With the convergence of cloud, IoT, and big data technologies, data lakes are becoming the critical fuel for enterprise-wide digital transformations. Enterprises increasingly have their data spread across multiple data lakes in many geographies and across multiple cloud platforms, for example, due to regulatory and compliance mandates that limit cross-border data transfer such as GDPR. With the proliferation of data types and sources in this complex landscape, the process of discovery, organization, and curation of data has become extremely expensive. Additionally, gaining global visibility into the business context, usage, and trustworthiness of data requires a centralized view of all data and metadata, security controls, data access, and monitoring. All of these challenges create a significant chasm between initial data capture and subsequent data insights generation to drive value creation. Providing adequate stewardship with the right set of rules and policies around data security and privacy as well as rational policy enforcement across the information supply chain is critical to adoption of modern data lake architectures and value creation. Therefore, enterprises now require a “global insight fabric” that can find a happy medium between adequate rules and policies of data governance while providing a trusted environment for users to collaborate and share data responsibly in order to create value. We recently launched 100% open source Hortonworks Data Steward Studio (DSS) service that can help enterprises address these challenges and move them closer to realizing the vision of a global insight fabric.
In this talk, we will outline how data stewards, analysts, and data engineers can better understand their data assets across multiple data lakes at scale using DISCOVER approach with DSS:
Detect: Find where important data assets are located
Inventory: Locate and catalog all data globally
Secure: Protect data assets and monitor their access and usage
Collaborate: Crowdsource and leverage knowledge across the enterprise
Organize: Curate and group data based on different characteristics
Verify: Understand sources and complete chain of custody for all data (lineage and impact)

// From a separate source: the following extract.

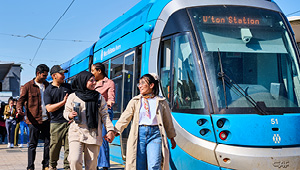 Students walking from tram station along platform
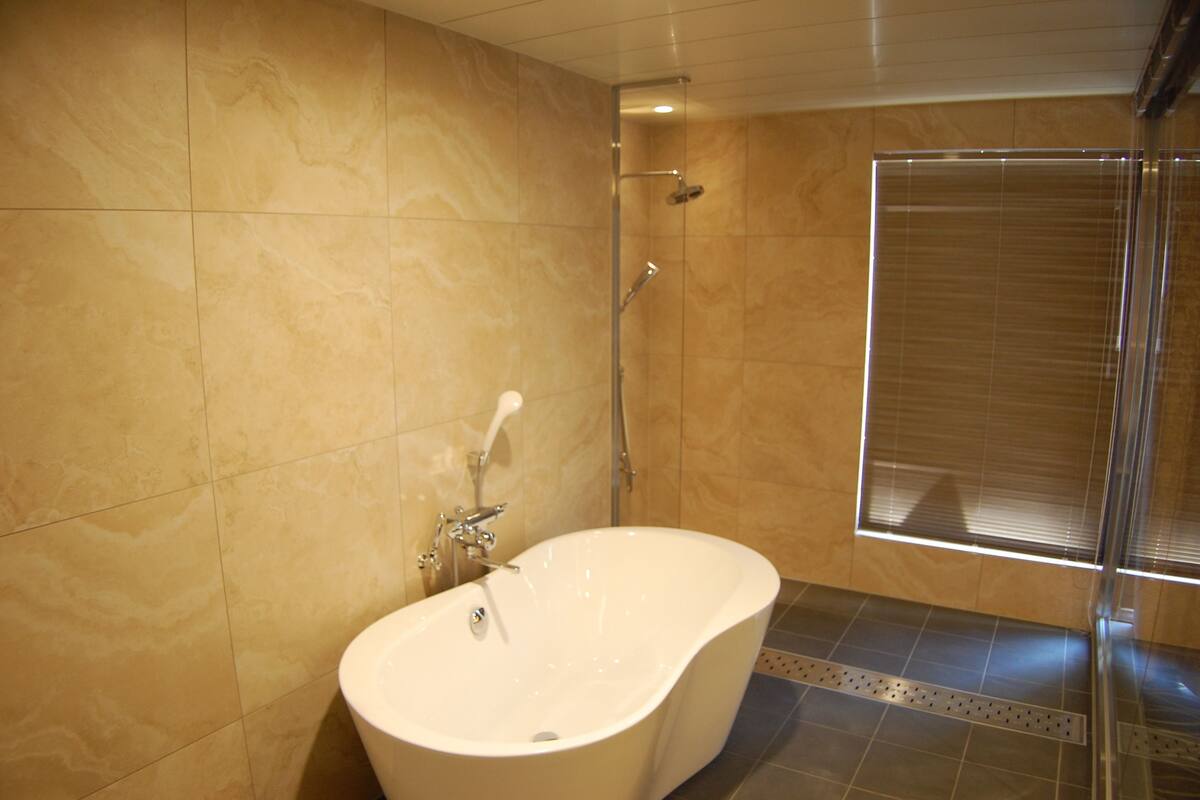 suite | bathroom | free toiletries, hair dryer, slippers, bidet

Enrich: Add classifications and annotations
Report: Create and view multiple dashboards, reports, and summarizations of data
We will showcase how DSS empowers enterprises to precisely identify and evaluate trust levels of their data, to securely collaborate, and to confidently democratize data across the enterprise in order to derive value from the data in their data lakes – whether these data lakes are located in on-premise data centers or in the cloud or across multiple cloud provider environments.